Alfama is the oldest district in Lisbon. It used to be inhabited by fishermen and the poor before, but today it is a historical quarter of homes and small businesses, with maze of narrow streets and small squares. My guide took us to for a shot of ginjinha, a favorite liqueur for many Portuguese on any given day. Belem is one of the most visited district in Lisbon. Although it is not within walking distance, it is less than 15 minutes from the downtown Lisbon. Belem's major historical building is the Jerónimos Monastery, classified as a UNESCO World Heritage Site in 1983 along with Tower of Belem. Within the monastery, there's a church which lies the stone tombs of Vasco da Gama and Luis de Camoes. My friend and I had lunch at a local restaurant. I ordered grilled octopus, and it tasted really delicious.

We went to Porto from Lisbon for the weekend. The journey is less than 4 hours, and the train is pretty comfortable. Registered as a World Heritage Site by UNESCO in 1996, Porto was an outpost for the Roman Empire many centuries ago. Today, it is internationally known for its port wine. The highlight of my trip to Porto is to discover the market, Mercado do Bolhao which is situated in the heart of the city. Built in 1914, it is pretty rundown but well-maintained in a two level opened air building. It looks like a place counting its last days on earth. I would recommend anyone to go there before it soon disappears.

I loved Porto. One side of the city along Douro River is the old quarter consisting many alleys and streets for the prying eyes to explore, while on the other 'new' side, there are countless signs of port wine names the city is famous for. On the last night in Porto, I came across a souvenir shop, and to my surprise I saw what I had been dreaming to get before I started the trip, a typical Portuguese clog. I started collecting traditional clogs/shoes of countries I've visited only recently, and now I am a proud owner of three different pairs!

My friend left Porto for Paris the next morning. After a morning walk, I left Porto back to Lisbon for a night stay before my departure back to New York the next day.

Amsterdam, Netherlands

I like to watch Anthony Bourdain's programs on the Travel Channel. The Layover is interesting as it is a 48 hour non-stop eating program to fill one's appetite.

Here I was in Amsterdam's Grand Central Station in a 14 layover at 7 pm before my flight back to New York the next day at 9 am. While snapping pictures in the station, I was wondering if I could match Anthony's quest for good food, good company, and sightseeings along the way.

Weather was uncooperative that day. It was rainy, windy and cold. Sky was already dark when I stepped out of the station. I could see that construction was being done in and out of the main entrance. As I ventured further, I saw hundreds of bicycles parked on designated parking areas. I had never seen so many bikes before.

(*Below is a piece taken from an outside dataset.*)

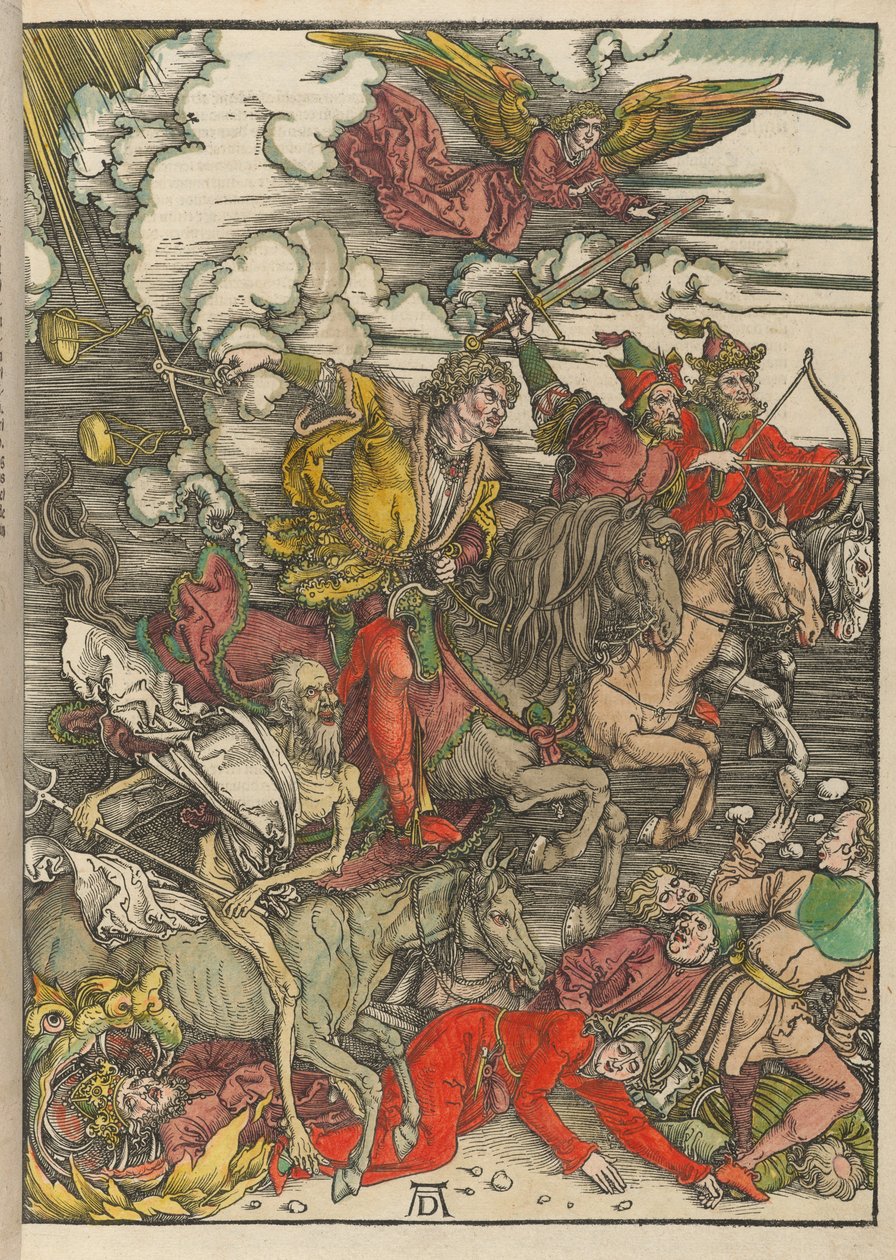 De fyra ryttarna, från Apokalypsen av Albrecht Dürer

I walked past canal after canal and suddenly I was at Nine Streets.

Nine Streets are famous for the quirky stores, chic boutiques, intimate cafes and restaurants as well as other specialty shops to serve the MTV generation. Most of the stores are run by local proprietors, so do not expect to see Zara or H & M here. With the clock ticking away, and my stomach growling for food, I began my quest for my first meal in Amsterdam. Not knowing where and what I would like to eat, I stumble into a place which looked pretty cool. The menu was pretty huge. I began to feel skeptical, and decided to order a soup first. It was one of the worst meals I had ever tasted. The soup tasted like a package of instant noodle soup based in hot water with a few tiny shrimps, mussels and scallops. I was 6.50 Euro lighter when I left the restaurant!

The centuries old buildings along the canals have huge windows. I could see from outside, and judging from what I saw I could tell most are artists, sculptures, or designers by professions. As I walked, I came across galleries, and antique shops. With the cold wind blowing, I had to look for the bathroom. Finally, decided to call it a night. I found a place to sleep for the night, and left the city at 5 am the next day.

Did I match Anthony Bourdain feat? Probably not, but he has 48 hours with help from his producers. As for me, I had less than 14 hours and a city map. Call me a sore loser!

But for my next layover, I will do a lot better as I wait for my flight back to New York.